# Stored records

————————

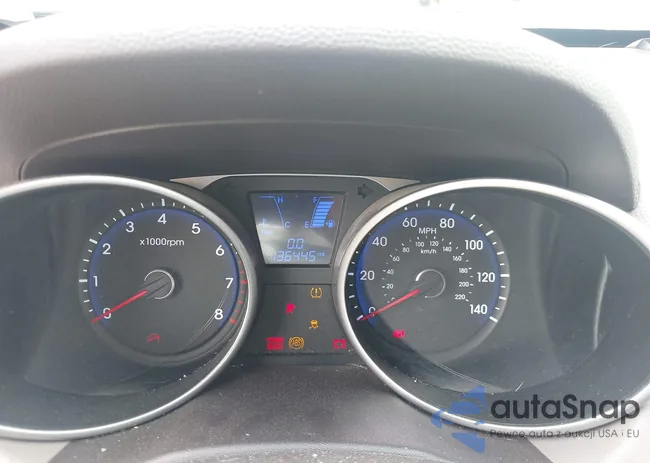 KM8JU3AG7FU008261: 42755177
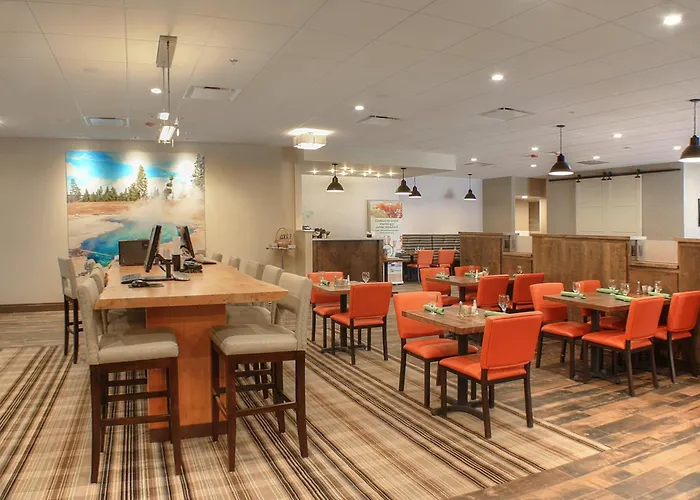 Hotel - Convention Center By Ihg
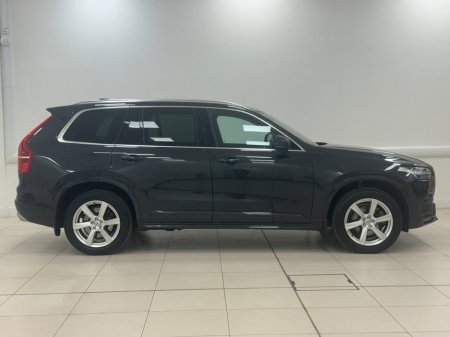 2020 Volvo XC90 B5 (235hp) AWD Momentum Auto
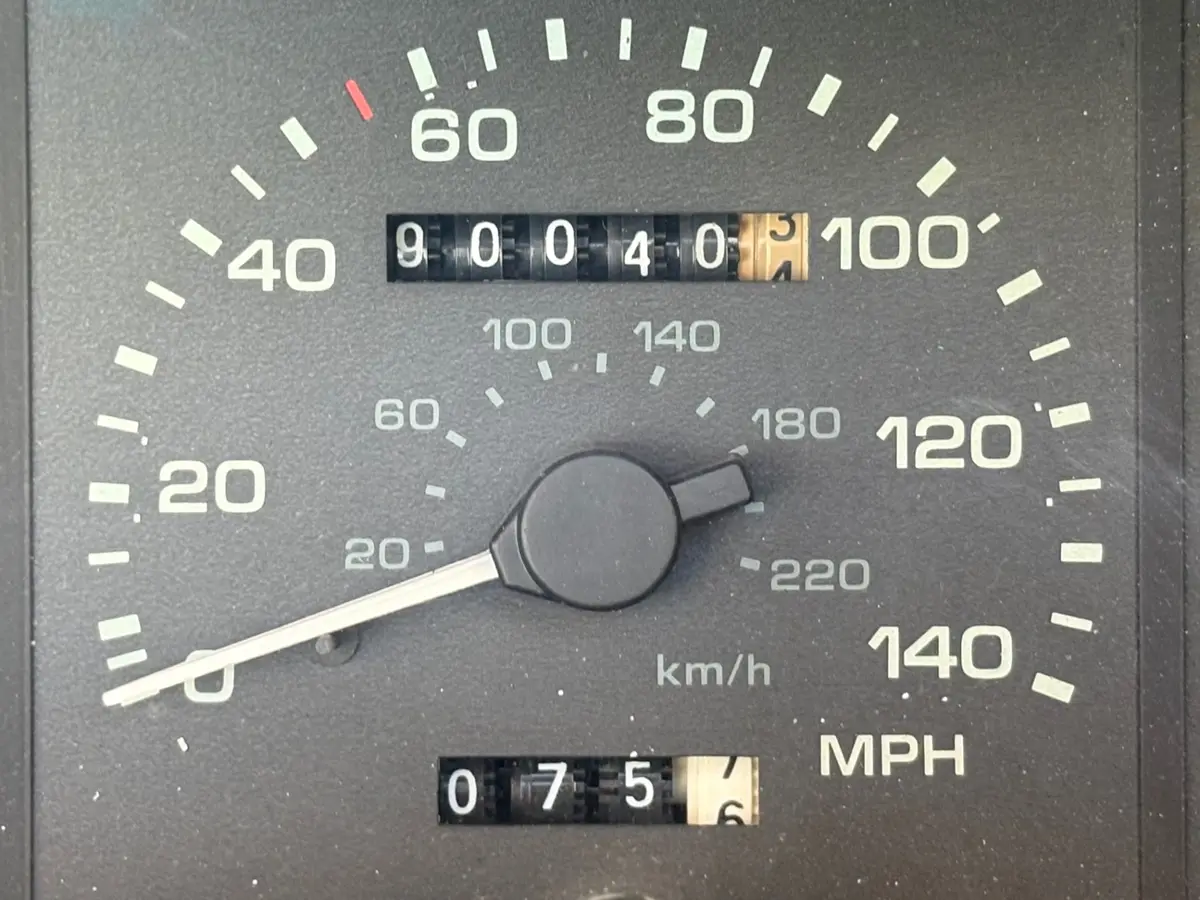 Vehicle photo 30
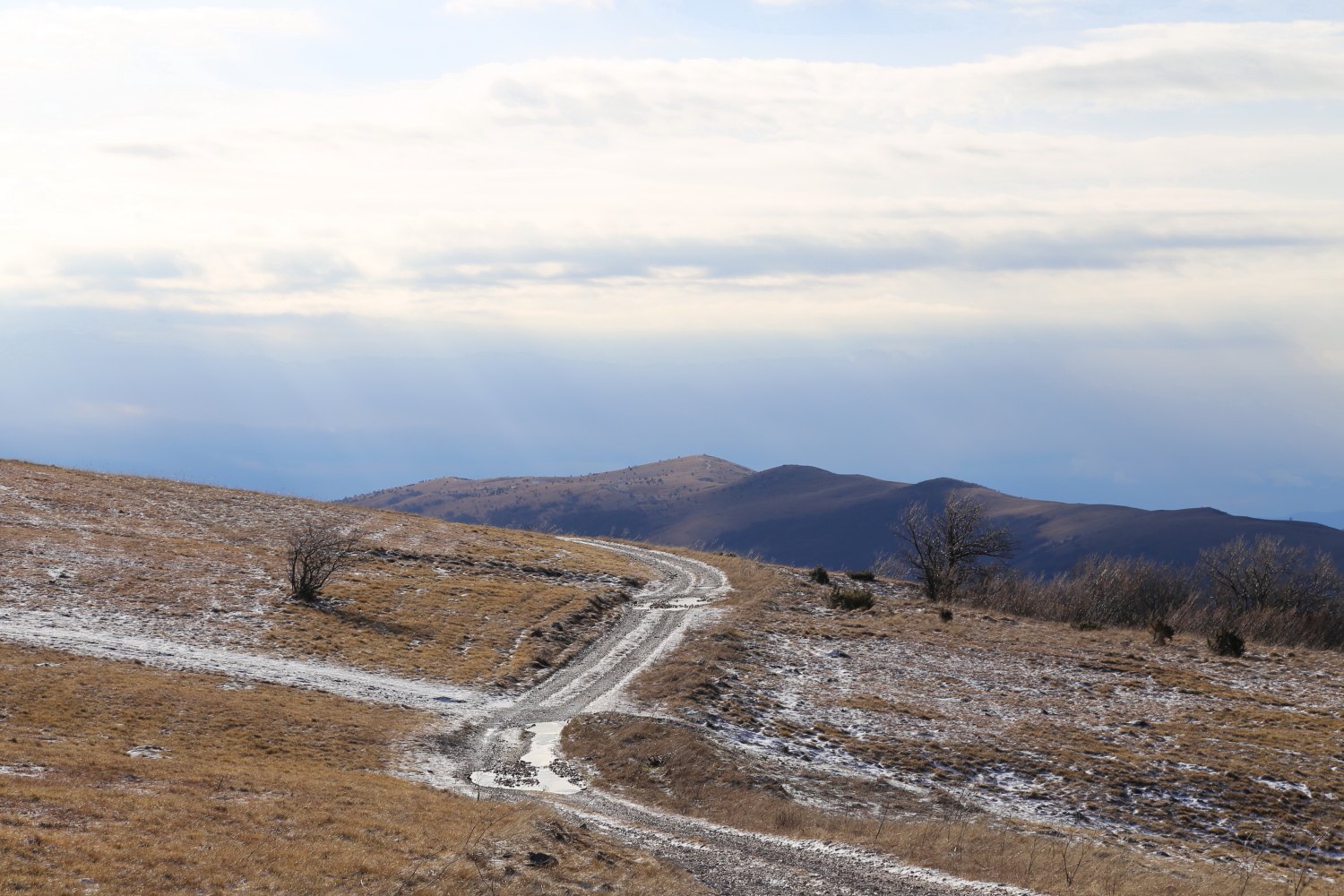 Open hills & valleys — Slavnik / Slovenia
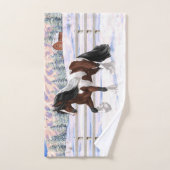 Bruine baai met zigeunerbanner ontwerppaard in sne bad handdoek (Handdoek)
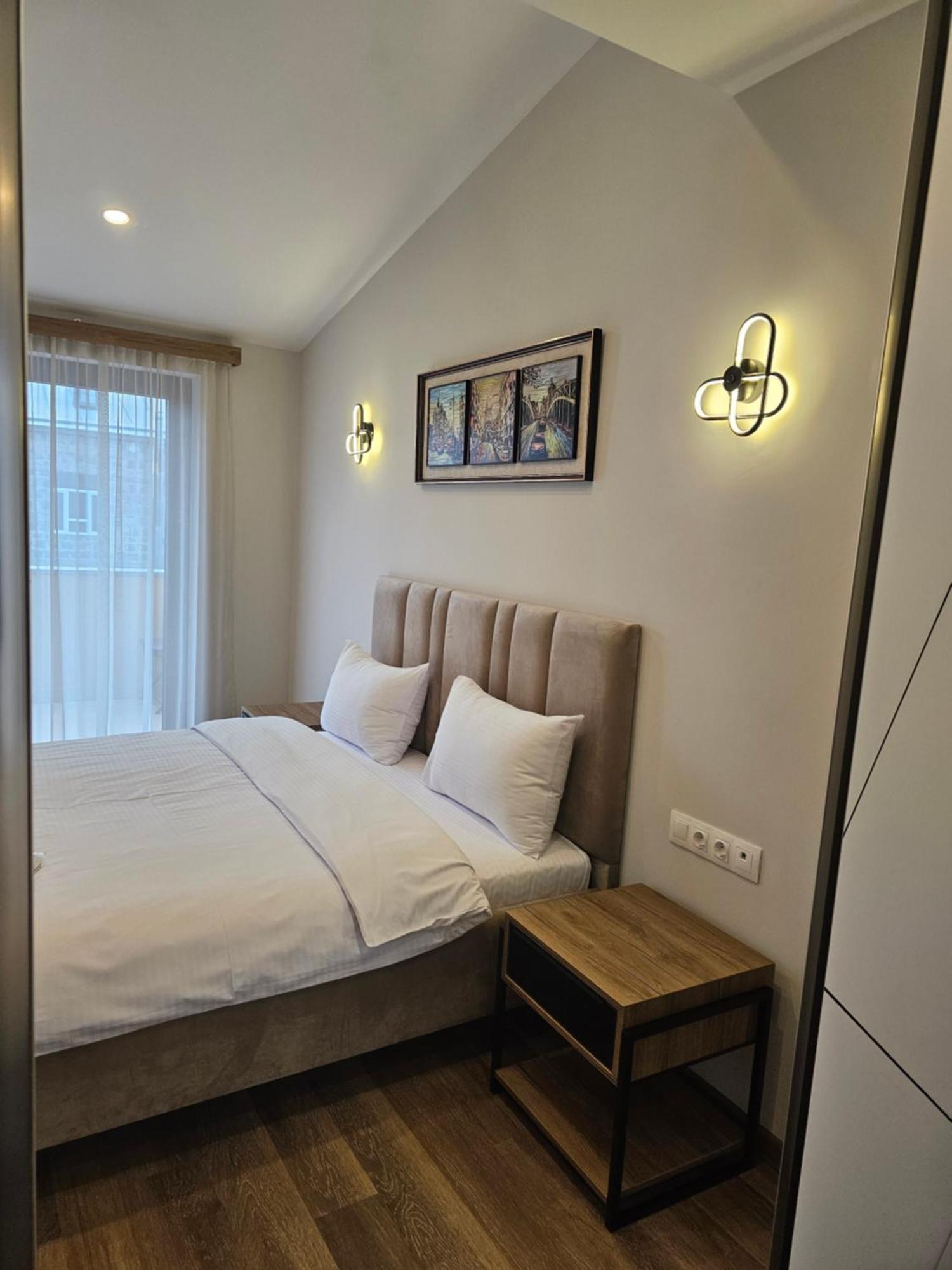 Hotel Avenue 30 예레반 외부 사진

————————

# Exercise details
Locate "2020 Volvo XC90 B5 (235hp) AWD Momentum Auto" in the entries above. Copy, exactly and only, the lines from that line to the end, leaving out the pictures.

# Result of the exercise
 2020 Volvo XC90 B5 (235hp) AWD Momentum Auto
 Vehicle photo 30
 Open hills & valleys — Slavnik / Slovenia
 Bruine baai met zigeunerbanner ontwerppaard in sne bad handdoek (Handdoek)
 Hotel Avenue 30 예레반 외부 사진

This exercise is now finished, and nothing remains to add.